From DEA’s December 2016 National Drug Threat Assessment. From GAO’s April 2018 report on synthetic opioids.

Here are similar photos from U.S. government reports, the left from the U.S. Drug Enforcement Administration (DEA) in 2016 and the right from the U.S. Government Accountability Office (GAO) in 2018. They show estimates of a lethal dose of fentanyl, a synthetic opioid that contributed to more than 19,000 U.S. overdose deaths in 2016.

The 2018 photo appears to show even less of the drug (2 milligrams), I don’t know whether that was deliberate. But the point is, it’s incredibly potent: 50 times stronger than heroin. First responders saving victims, and law enforcement agents and their dogs seizing smuggled fentanyl, must wear protective gear to keep from touching it.

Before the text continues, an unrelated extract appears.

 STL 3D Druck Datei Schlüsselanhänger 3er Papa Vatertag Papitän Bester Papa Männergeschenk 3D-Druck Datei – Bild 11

It’s mostly produced in China, but Mexico is a major trafficking corridor, as GAO explains.

Mexican drug trafficking organizations act as the country’s primary conduit for Chinese fentanyl destined for the United States, purchasing bulk shipments and trafficking it—either alone or mixed with other drugs like heroin—across the U.S. border along established drug routes.… The illicit nature of these smuggling operations makes it difficult to quantify the volume of fentanyl flowing from Mexico to the United States. U.S. law enforcement agencies suggest that fentanyl may also be produced in Mexico with precursor chemicals sourced from China.

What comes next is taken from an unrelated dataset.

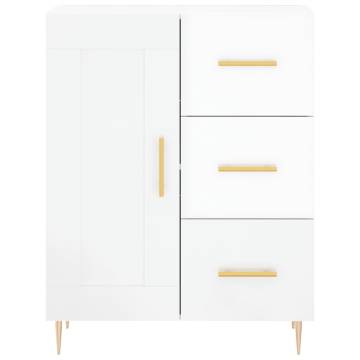 Stylish Highboard High Gloss White - 69.5x34x180 cm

Like all other drugs smuggled across the U.S.-Mexico border except for marijuana (which is declining), fentanyl is overwhelmingly taken via the ports of entry: the legal openings in the border through which vehicles, cargo, and pedestrians pass under the scrutiny of U.S. Customs and Border Protection (CBP). The drug is small in volume and crosses hidden in vehicles or carried by pedestrians. Building a border wall would make no difference in fentanyl trafficking patterns.